Reproduce exactly the lines from the start of the records through the line containing "Eine kleine schwarze", both included. Leave the pictures out.

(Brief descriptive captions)
□ □ □ □ □

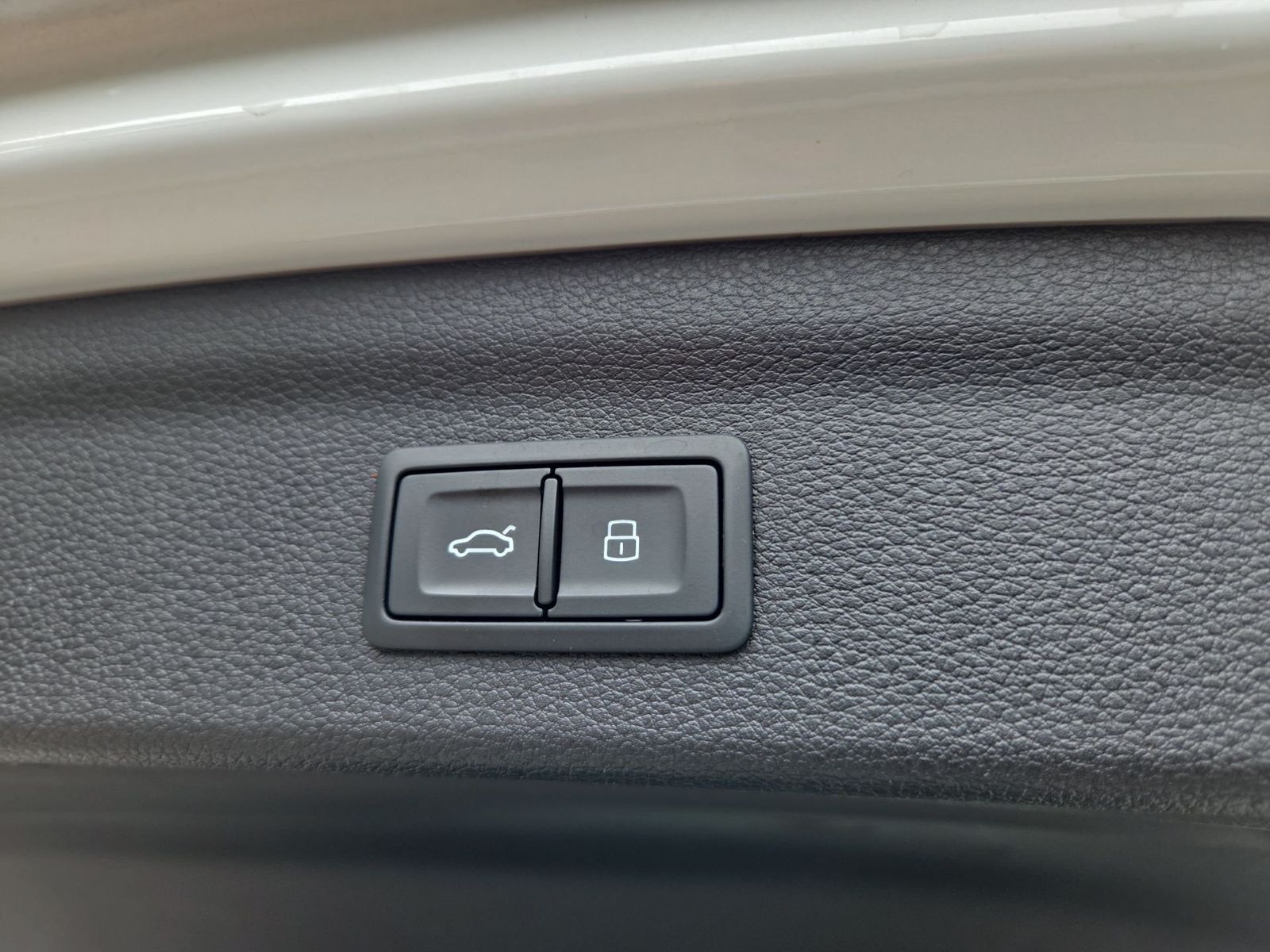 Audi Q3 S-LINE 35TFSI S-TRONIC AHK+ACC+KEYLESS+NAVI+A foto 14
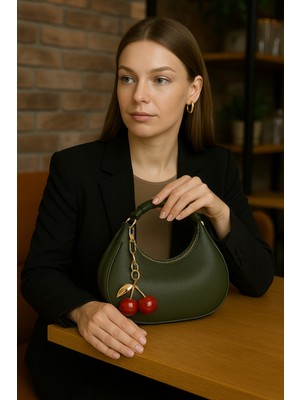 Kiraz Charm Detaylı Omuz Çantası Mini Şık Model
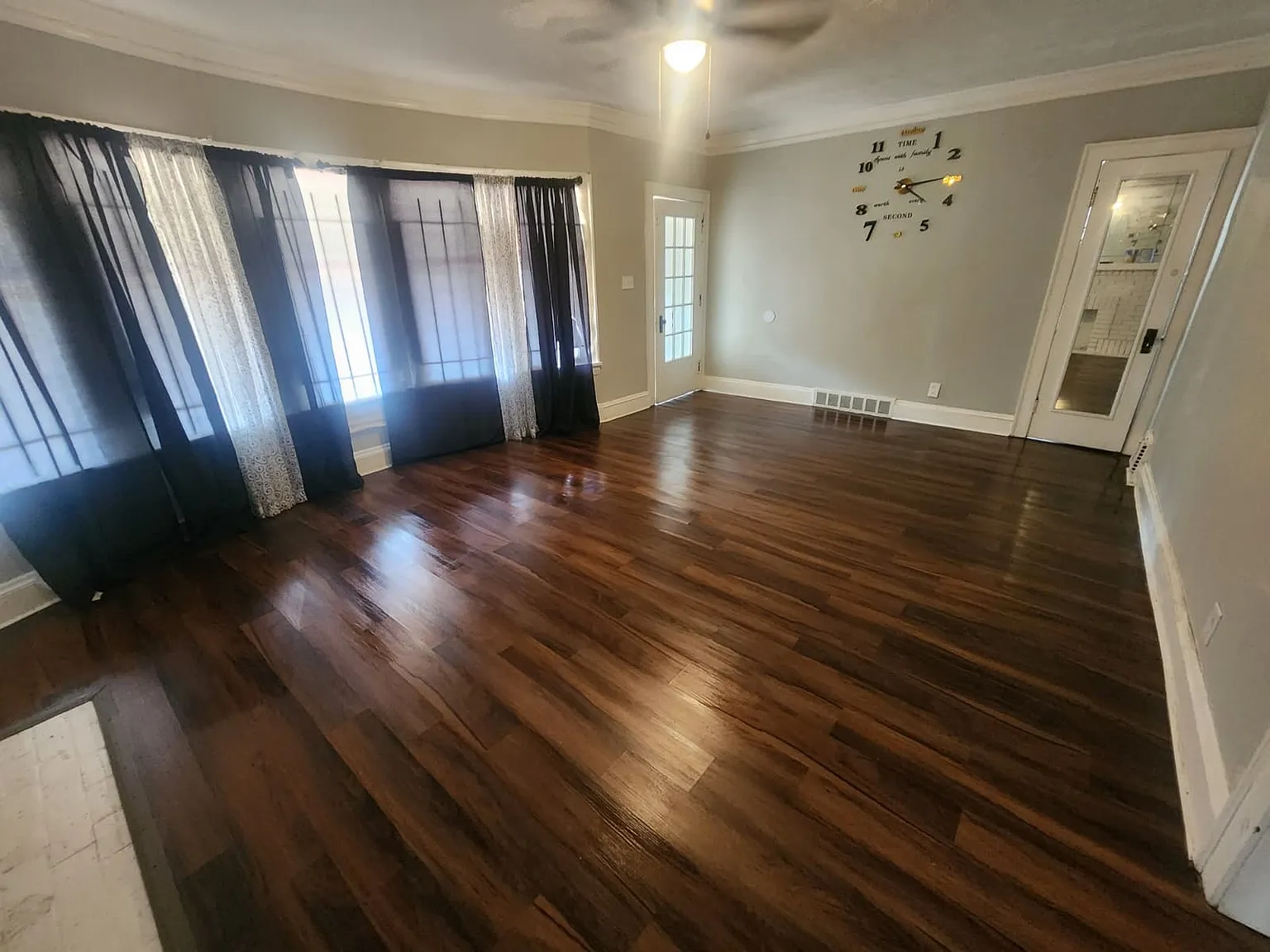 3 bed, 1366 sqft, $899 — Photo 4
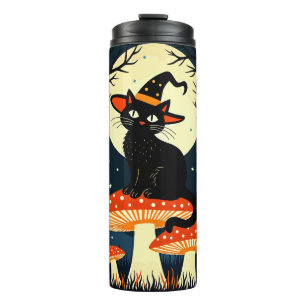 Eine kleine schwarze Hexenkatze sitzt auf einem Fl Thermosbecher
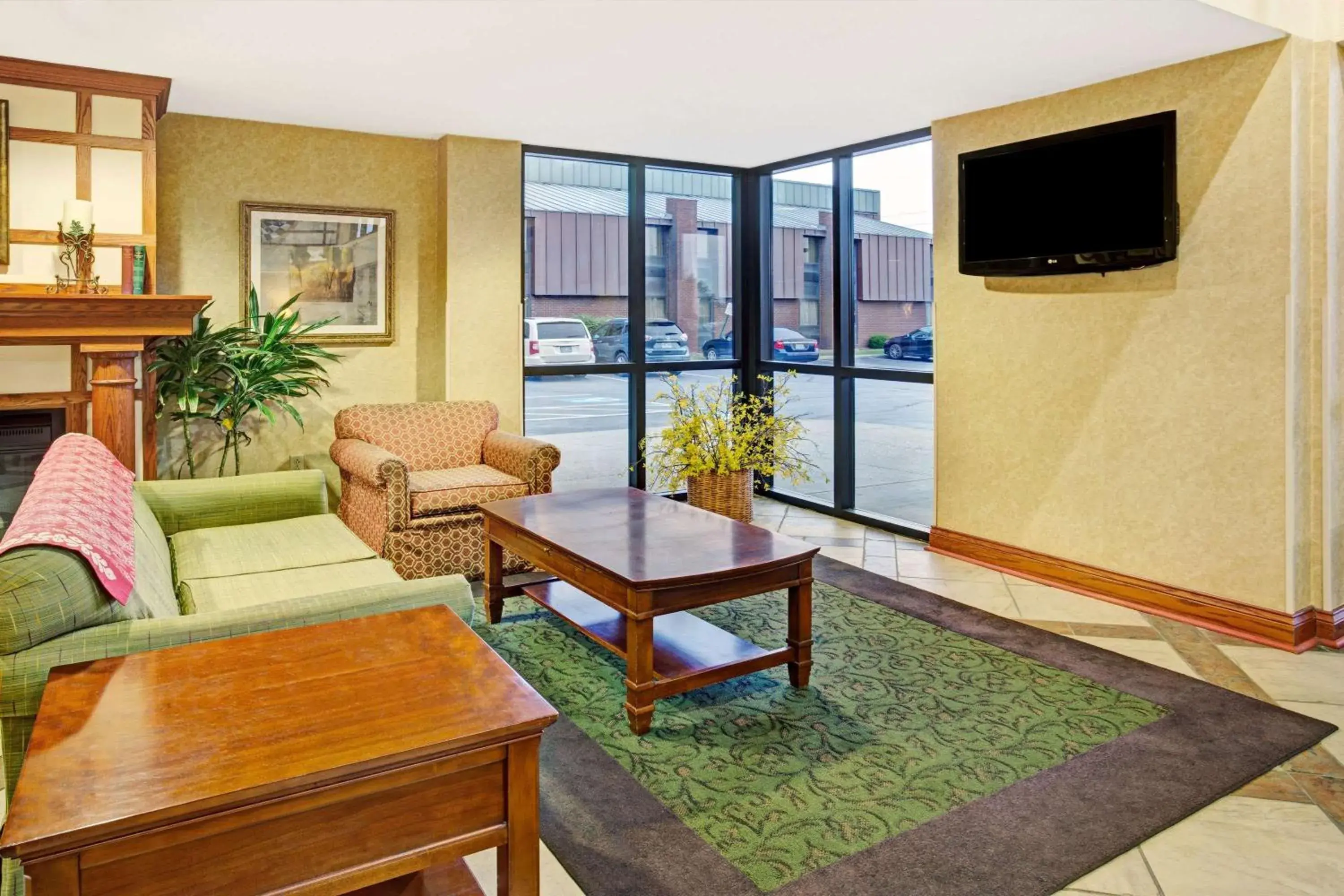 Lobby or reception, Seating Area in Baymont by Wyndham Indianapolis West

□ □ □ □ □

#### Result for this exercise:
 Audi Q3 S-LINE 35TFSI S-TRONIC AHK+ACC+KEYLESS+NAVI+A foto 14
 Kiraz Charm Detaylı Omuz Çantası Mini Şık Model
 3 bed, 1366 sqft, $899 — Photo 4
 Eine kleine schwarze Hexenkatze sitzt auf einem Fl Thermosbecher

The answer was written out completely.